Wednesday, October 09, 2024

Notes on haunting and being haunted



 In the world of epiphenomena, the haunt is king.

This sentence, believe it or not, forced itself upon me at 6:45 a.m this morning, as I was arising from bed to go empty my bladder. An old man in a dull month, or a dull man with an old prostate – one of those moments.

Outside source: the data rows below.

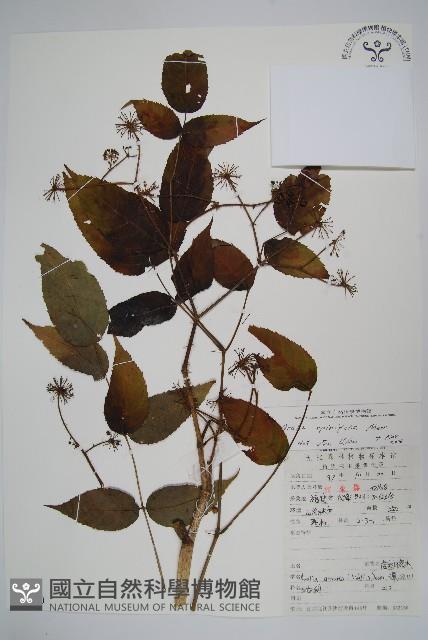 長刺蔥木藏品圖，第1張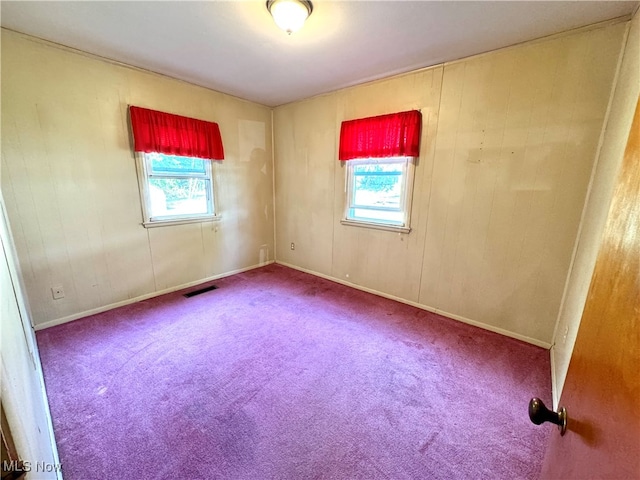 carpeted spare room featuring wooden walls and a healthy amount of sunlight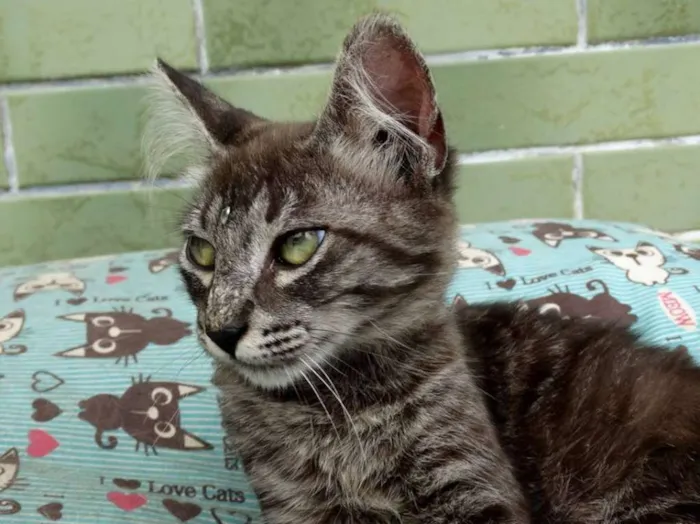 Gato ra a Srd idade 2 a 6 meses nome Avelã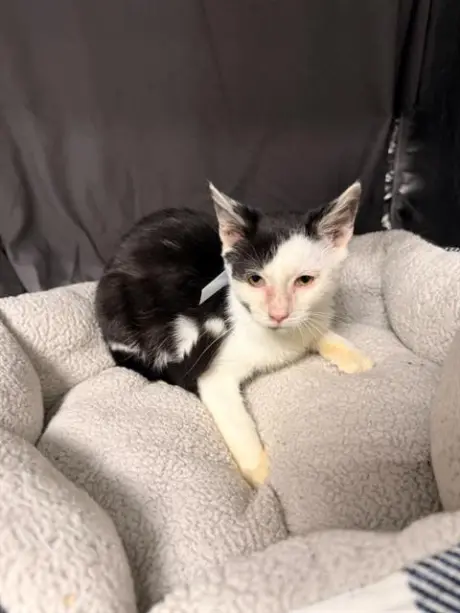 TUX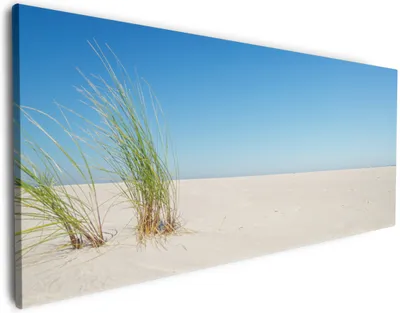 Produktbild von Wallario Premium Leinwandbild Sandstrand unter blauem Himmel in Größe 50 x 125 cm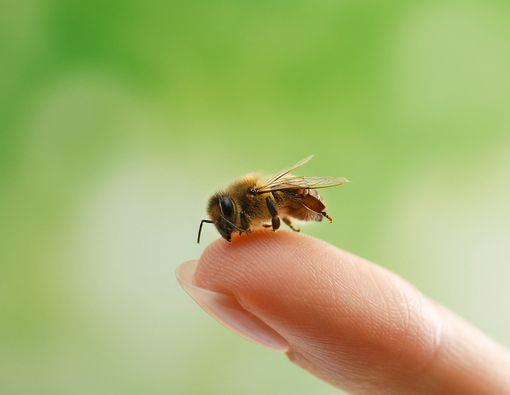 Efek Disengat Lebah dan Tawon, dari Ringan hingga Berat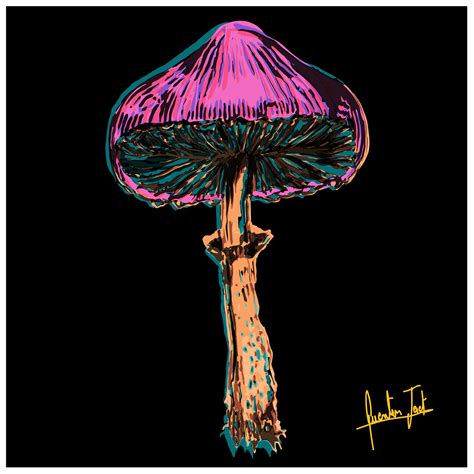 PSYCHEDELIC MUSHROOM :: Behance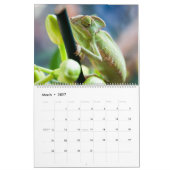 Chameleons Kalender (Mar 2027)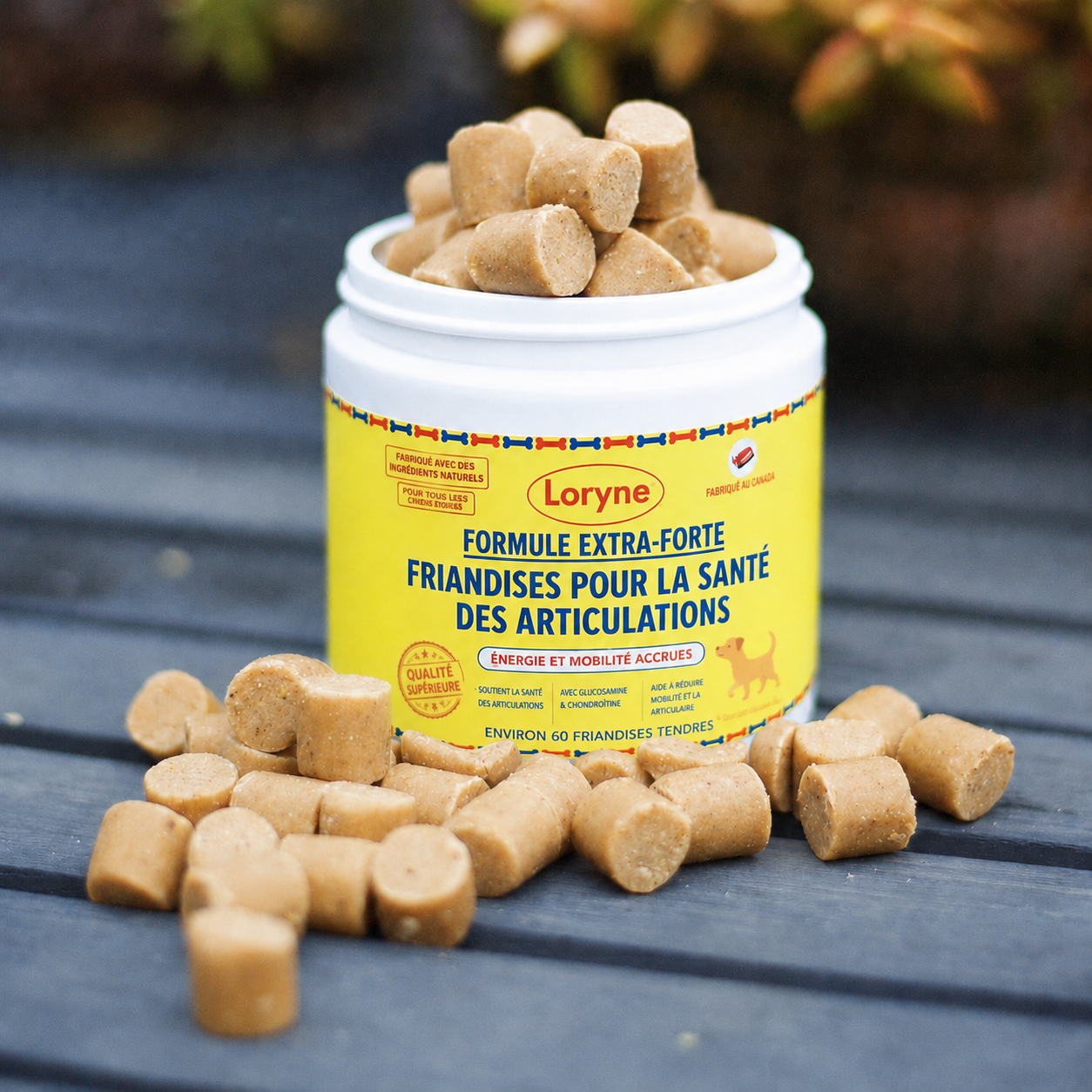 Loryne Bouchées Premium pour la santé des articulations – Formule améliorée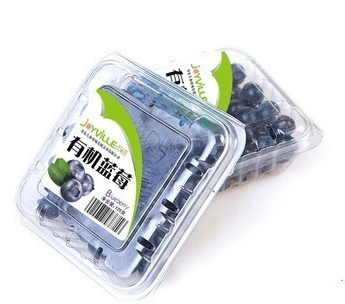 Keo dán máy dán nhãn hàng đầu Máy mã hóa tùy chọn Máy dán nhãn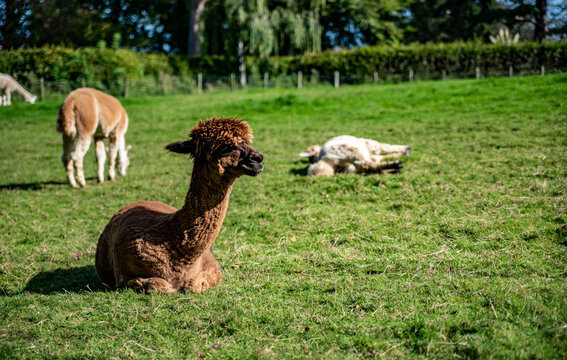 llama in the field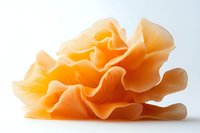 Delicate orange oyster mushroom with ruffled layers and soft folds isolated on white background, showcasing natural organic textures and patterns in macro detail.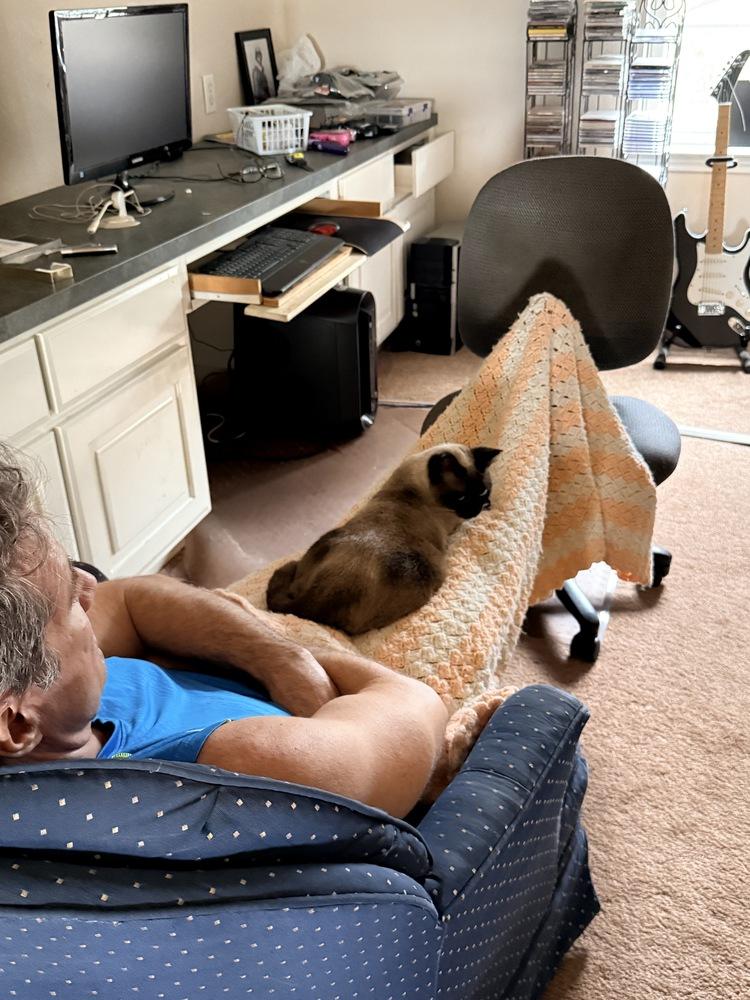 Luna Lu, a Adoptable mixed breed in Austin, TX image 3/5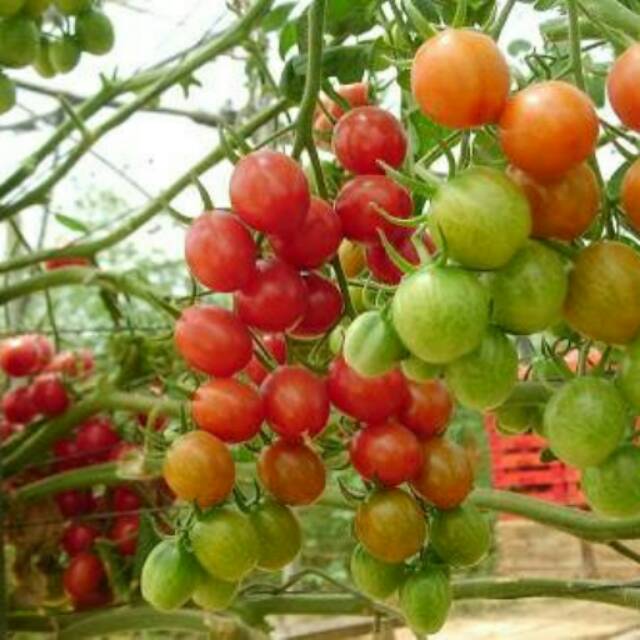 ( isi 25 biji) Benih Tomat Apel Lokal Unggul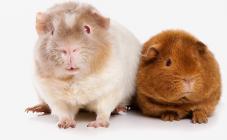 Планета зверей - фото (807-3464)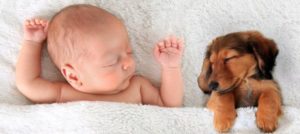 Mondofido Cuccioli e bambini e1513782665334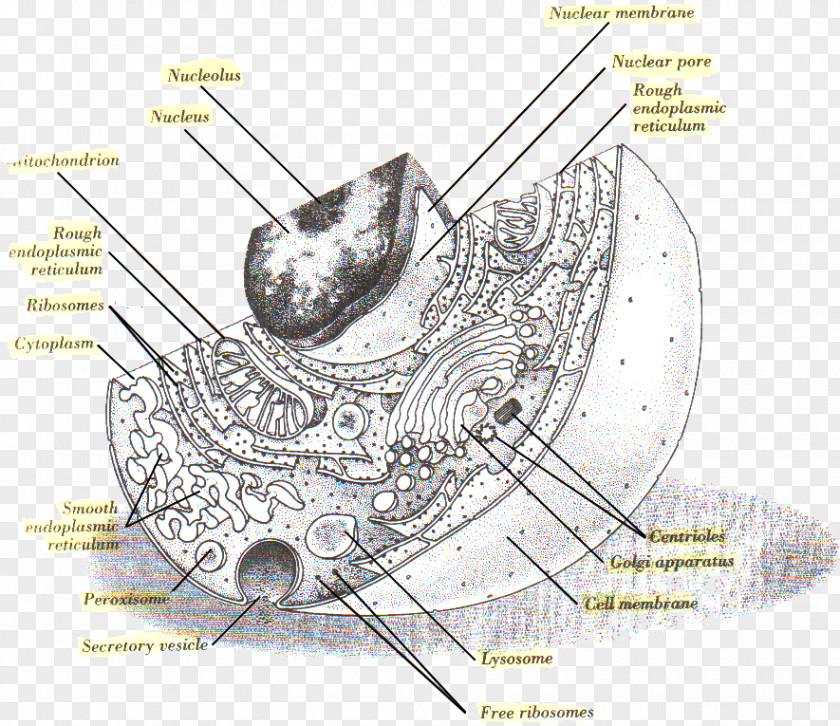 Design Cèl·lula Animal Drawing Diagram Product PNG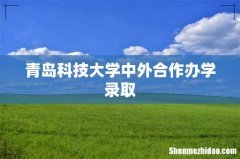 青岛科技大学中外合作办学录取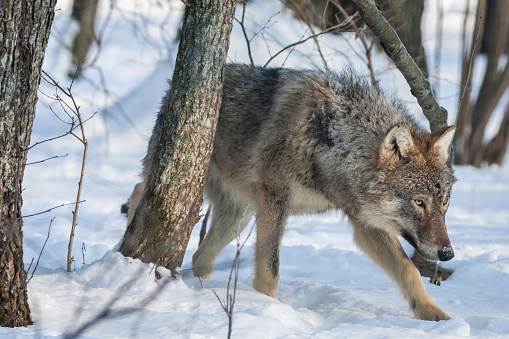 Grey Wolf Canis lupus Between Trees in winter forest.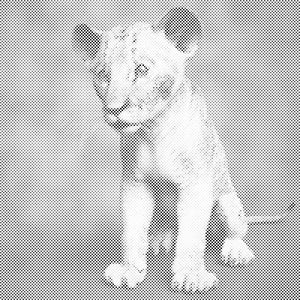 Mali Simba - Dottingo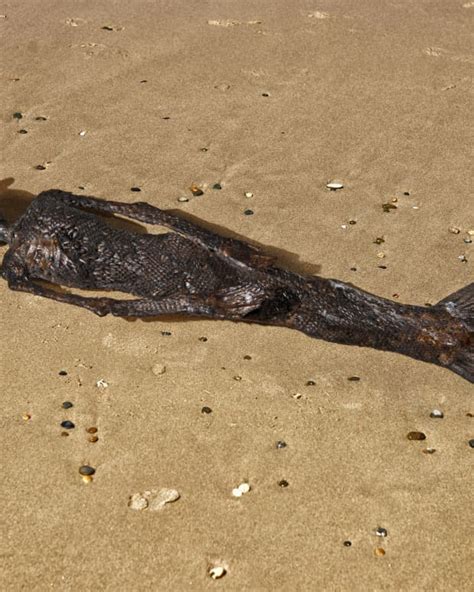 Mud Mermaids Were Allegedly Spotted in Ohio River - Exemplore News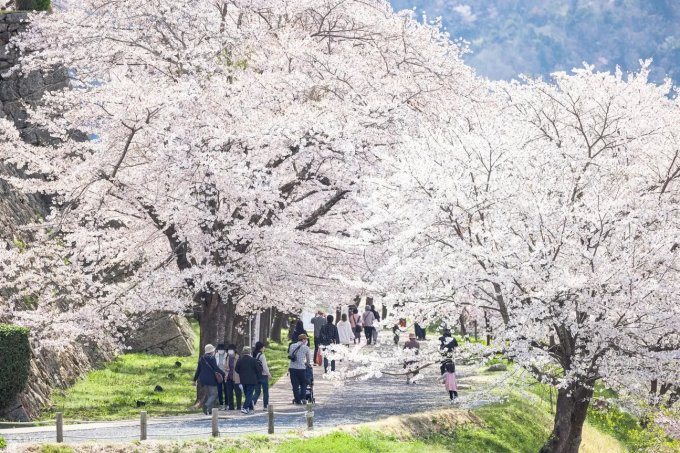日本櫻花預測2025｜13個日本櫻花推薦景點+最新日本賞櫻時間表！東京、福岡3月尾率先開花！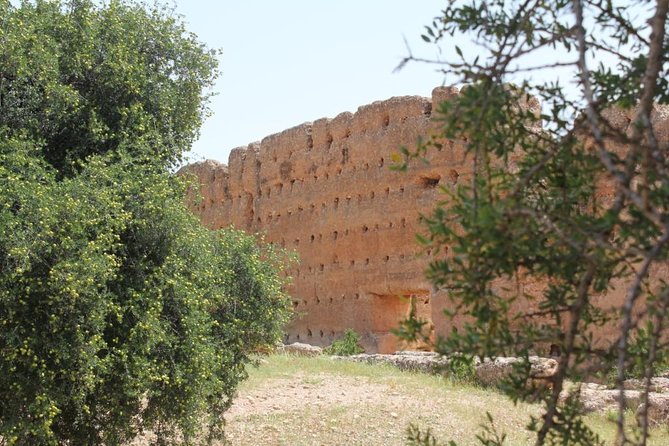 Argan Forest, tea time at a Berbers family & Visit of an Argan cooperative. - Timing, transport, and group size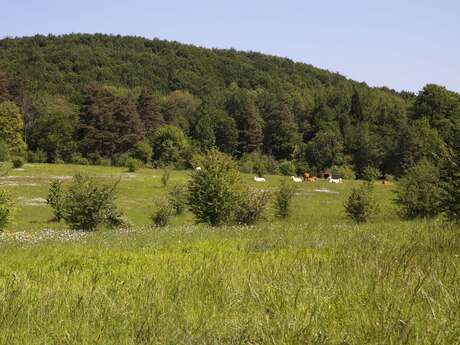 Chantier nature au vallon de Fontenelay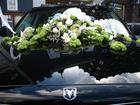 pulmaauto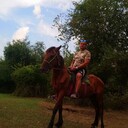 ���������� ������, ���� ������� ����, 46 ���, ������������ ��� ������, ����� � ���������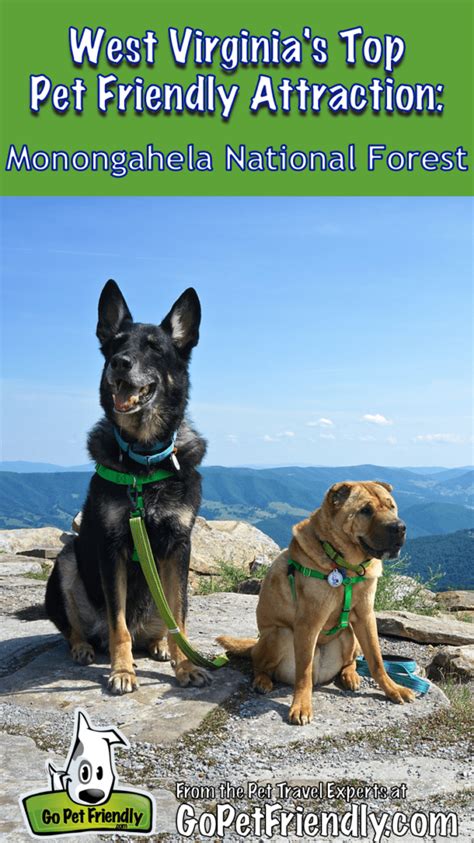 West Virginia's Top Pet Friendly Attraction: The Monongahela National ...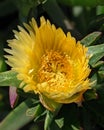 yellow ice plant flower Royalty Free Stock Photo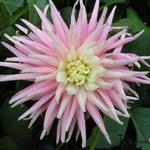 Dahlia 'Park Princess' - Dahlia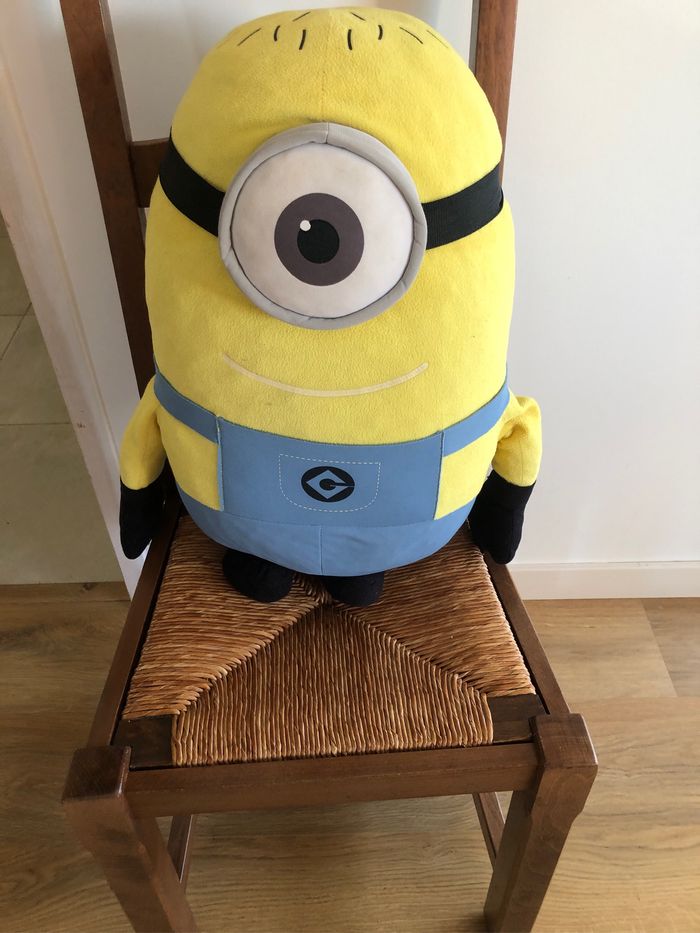 Minion - photo numéro 2
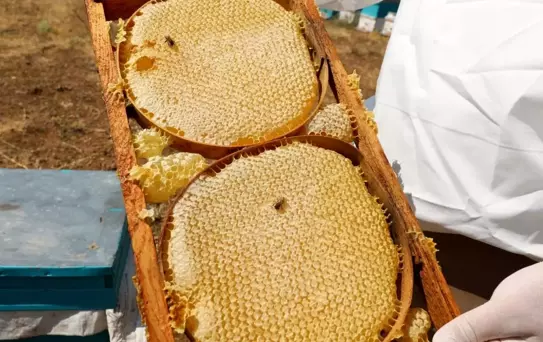 NÖHÜ'den 2 Ton Bal Hasadı
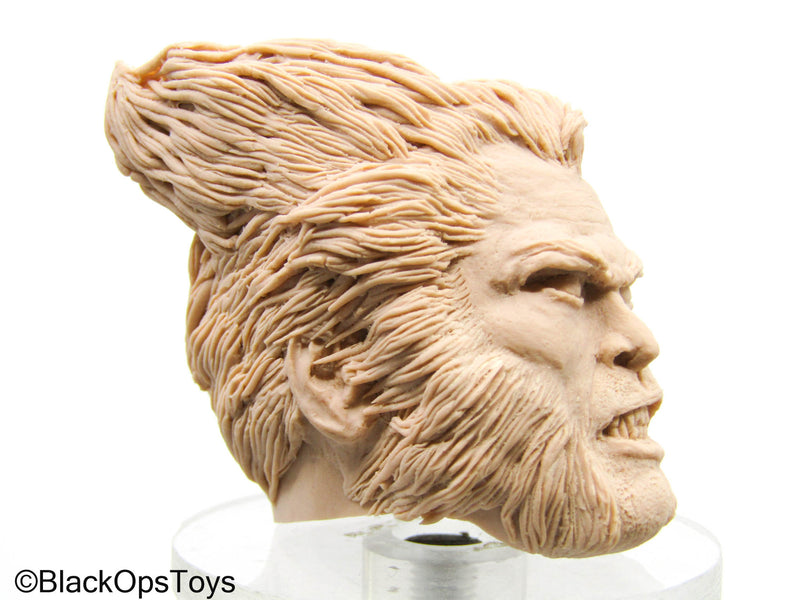 Load image into Gallery viewer, Custom Unpainted Male Headsculpt In Wolverine Likeness

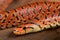 Japanese forest snake / Euprepiophis conspicillatus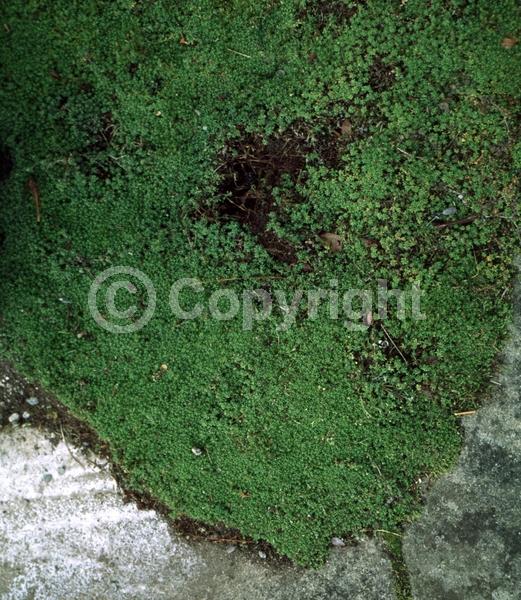 White blooms; Evergreen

Well, yesterday I had to finish up some editing work, and in the evening we were scheduled to go to La Rotunde and chow down, but in between times I was thinking about haunting. In particular, haunted houses. Houses in which what happened in the house forms the nucleus of the story.
Haunted houses have been mocked in the cultures that claim to be children of the Roman Empire since Lucian of Samosata was a pup. In fact, Lucian’s dialogue, Philopseudès, or The lover of lies, is one of the great documents of the Hellenic enlightenment, written maybe a decade before Tertullian, in another part of the Empire, began vigorously damning peeps like Lucian. Renan compared Lucian to Voltaire – and Voltaire also compared Lucian to Voltaire. The lover of lies is a dialogue that contains a dialogue, a conversation between philosophers, so called, at gathered around the sick bed of an evidently wealthy man named Eucratès. They commence to talking about miracle cures, phantoms, and other such business, to the disgust of Tykhiadès, who takes the view, sometimes taken by Voltaire and lesser philosophes as well, that superstition is just stupidity. How can anybody be so dumb as to believe in ghosts haunting houses?
This kind of one dimensional positivism is still around. And it has its fragment of veracity: if we believe in something we call “cause”, much of these superstition visions seem to call for explanations rooted in local causes – like fear of the dark – rather than in cosmological causes – like an afterlife from which these phantoms come.
Our anthropological liberalism, too, searches for causes, but not in the stupidity of the credulous, but in cultural practices that we study while withholding our own cultural biases – an epoche that is either tolerant or patronizing.

Haunting, of course, as hauntology and all the rest of it, became a modish object of reflection after the fall of the wall. Helped along by Derrida’s Spectres of Marx, the idea of something haunting something else - the way Communism haunted Europe, or the way Hamlet’s dad haunted Hamlet – became a model for thinking about our own neo-liberal ghostliness.
Myself, as a citizen of Paris, think about haunting as a matter of urban history. And certainly Paris is a haunted and hunted city – we walk past old torture chambers and the ghosts of faits divers, here, as we go to Carrefour and get the meat and veggies and wine.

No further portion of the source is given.